New Competition on the British Education Market


Depuis plus de 900 ans, le prestige académique britannique est incarné, dans toutes les têtes, par le duo Oxbridge. Malgré une renommée mondiale et un statut de quasi-monopole pour les formations élitistes, le prestige d’Oxbridge semble être remis en cause par l’émergence d’une nouvelle concurrence sur le marché tendu de l’éducation au Royaume-Uni. Bath, Canterbury, University College of London seront-ils la nouvelle frayeur de Oxbridge ?


Worldwide, the English educative system is well-known for its academic prestige and remains epitomized by the world famous Oxbridge duet. But in the last decades, Oxbridge has had to cope with new competition from young universities offering academic excellence. Indeed by proposing almost equivalent education at cheaper cost, universities such as Bath, Canterbury and University College of London provide access to the second most successful education system in the world. Furthermore, those new rivals benefit from the attractive and dynamic landscape of their surrounding regions. For instance, Bath University was rewarded by the prestigious QAA quality mark last July 2013. It was recognized as the best university in terms of students’ satisfaction, according to the latest National Student Survey.
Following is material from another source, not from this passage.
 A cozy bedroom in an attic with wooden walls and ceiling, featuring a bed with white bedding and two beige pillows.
But competition between universities goes beyond the mere national market. To reach the podium of the most excellent universities, universities need to attract foreign students, especially European students. Thanks to the Erasmus exchange programme, 4,500 French students have studied in British universities last year. The University College of London is requested by the highest number of French students who expect to experience the uniquely attractive student life of England’s capital.

Even though the tuition fees are rather high (about € 7,000 a year on average)  and the available places limited, the other universities are not as selective as Oxbridge. Thus, they will ultimately jeopardize the domination of the prestigious Oxbridge duet.
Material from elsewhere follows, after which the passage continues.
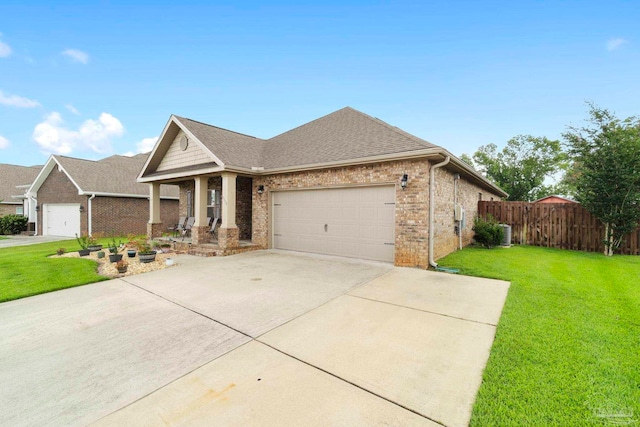 view of front of house with a front lawn and a garage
To end this article, here is an interview with an 18-year-old French student who has just finished her first year at the Canterbury Christ Church University:

1. Why did you want to study in England? Were there similar programmes in France? What made you choose England?

Elinor: I first decided to go abroad, and I chose England because I could speak English. The subject I’m studying (sociology and international relations) does exist in France but what I do here – double half-license – doesn’t exist.

2. Do you think the quality of your education is better than in France?

Elinor: Compared to university in France which is free, paying 10,000 euros per year seems a little expensive. I never went to university in France, so it would be difficult to compare. It seems to me that the levels are roughly equivalent. The main difference is that we are supported by tutors who care for us individually and give us a greater chance to succeed.

3. Have you applied to a prestigious university like Oxbridge? If not, why?

Elinor: No, I have not tried Oxbridge because I think it’s scary and because the admission requirements were difficult to achieve for someone just out of high school!